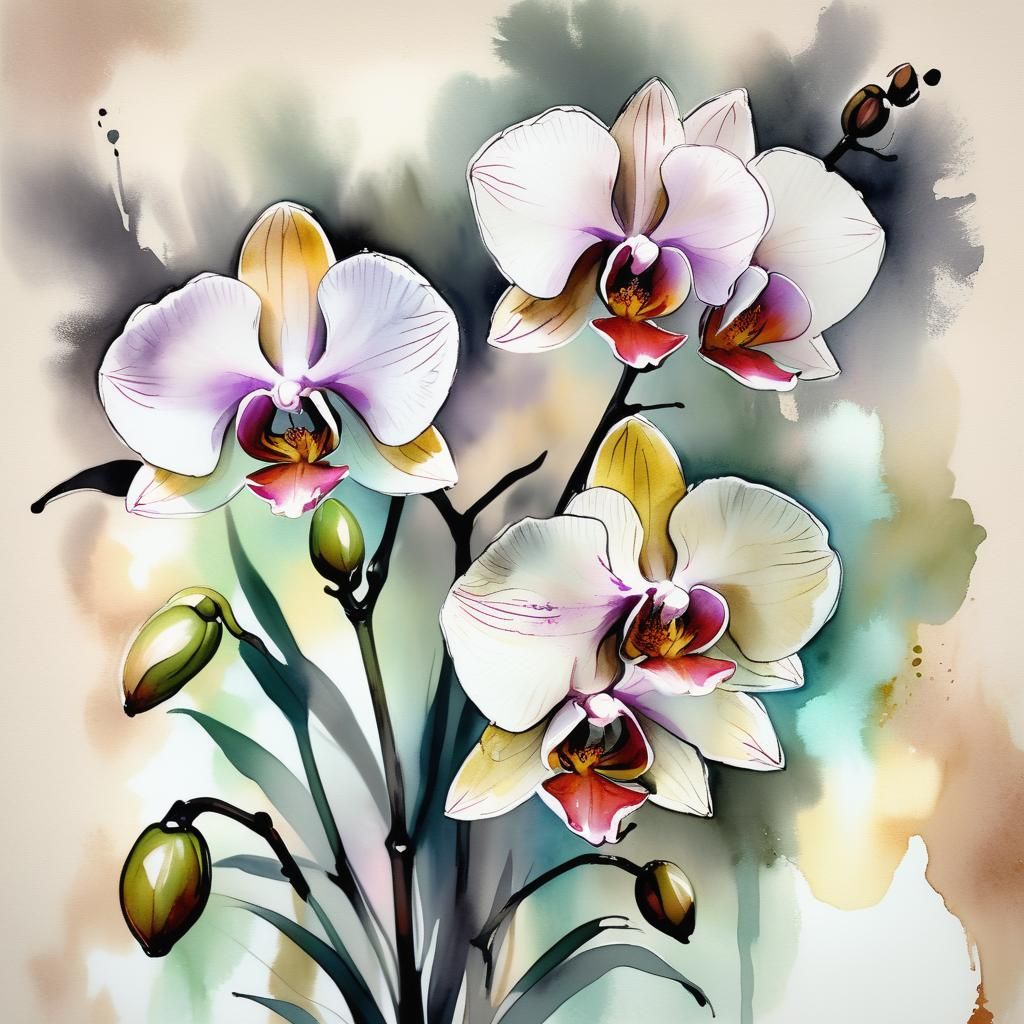 Impressionist Orchid Illustration with Watercolor Washes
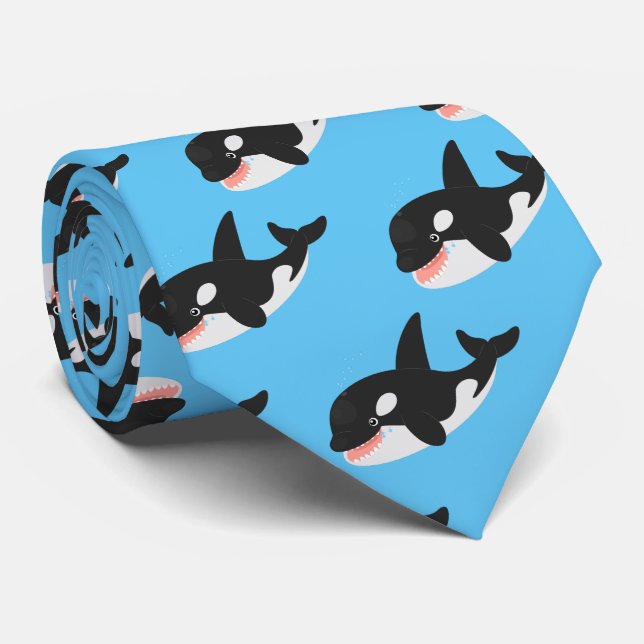Funny killer whale orca cute cartoon illustration neck tie (Rolled)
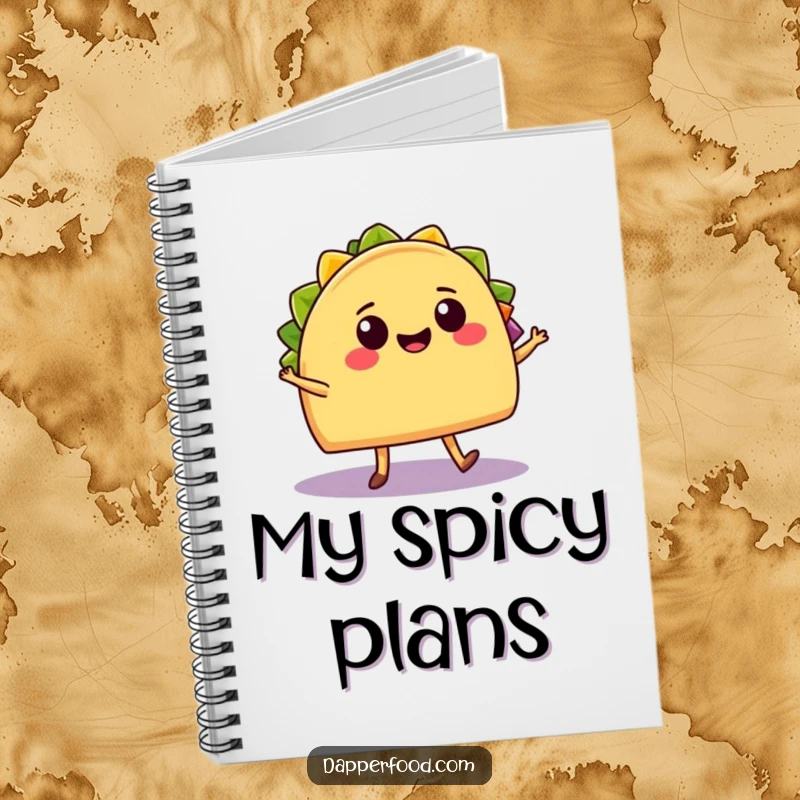 Funny Notebook: A cheerful taco with legs salsa dances with a smiling burrito, representing lively ideas and culinary creativity.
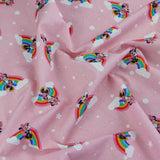 FS760_4 Disney Rainbow Minnie | Fabric | blue, Brand, Branded, Children, Cotton, Denim, Disney, drape, Fabric, fashion fabric, Kids, Letters, Light blue, Love, making, Mermaid, Mickey, Mickey mouse, Minnie, Minnie Mouse, Mouse, Pink, sewing, Skirt, Stripe | Fabric Styles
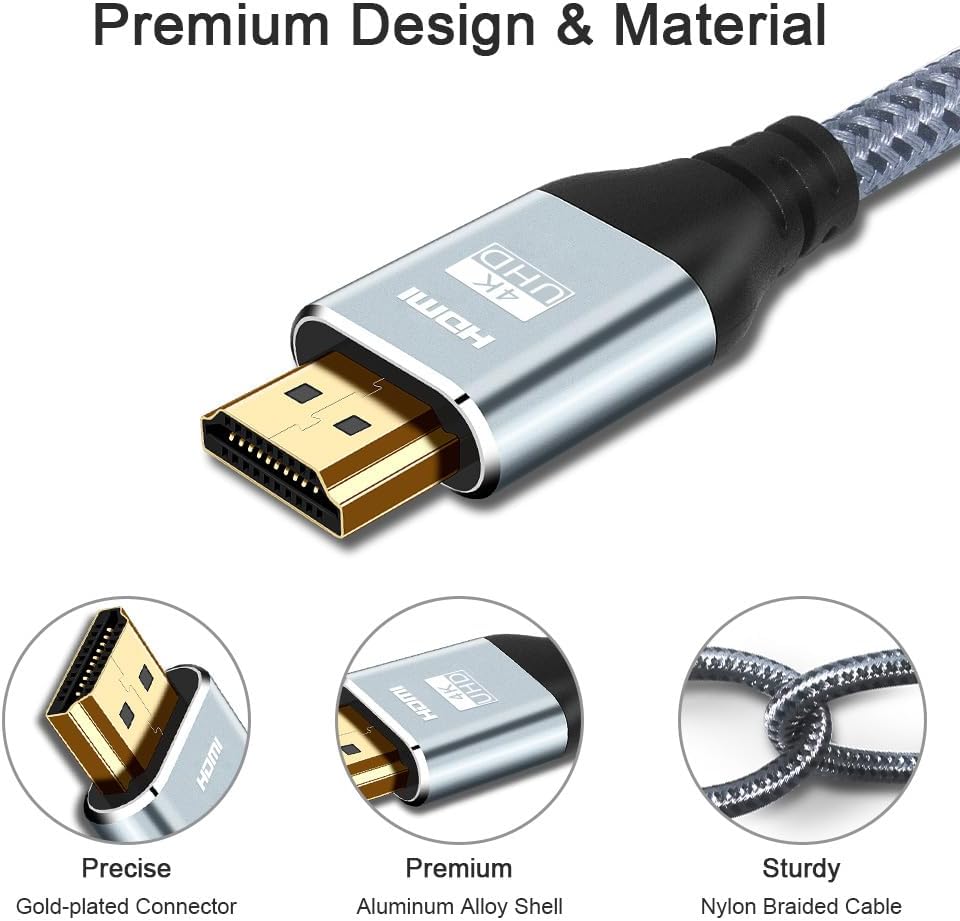 HDMI Cable 4K 60 Hz 20 ft, High Speed HDMI 2.0 Cables, 18Gbps, 4K @ 60Hz, Ultra HD, 2160P,1080P, ARC, 3D, HDCP 2.2 Cord Braided, for Laptop, Monitor, PS5, PS4, Xbox One, Fire TV-4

## Try it
Please set down the lines from the one with "Funny killer whale" to the end of the entries above, exactly as they are, and drop every picture.

## Response box
Funny killer whale orca cute cartoon illustration neck tie (Rolled)
 Funny Notebook: A cheerful taco with legs salsa dances with a smiling burrito, representing lively ideas and culinary creativity.
 FS760_4 Disney Rainbow Minnie | Fabric | blue, Brand, Branded, Children, Cotton, Denim, Disney, drape, Fabric, fashion fabric, Kids, Letters, Light blue, Love, making, Mermaid, Mickey, Mickey mouse, Minnie, Minnie Mouse, Mouse, Pink, sewing, Skirt, Stripe | Fabric Styles
 HDMI Cable 4K 60 Hz 20 ft, High Speed HDMI 2.0 Cables, 18Gbps, 4K @ 60Hz, Ultra HD, 2160P,1080P, ARC, 3D, HDCP 2.2 Cord Braided, for Laptop, Monitor, PS5, PS4, Xbox One, Fire TV-4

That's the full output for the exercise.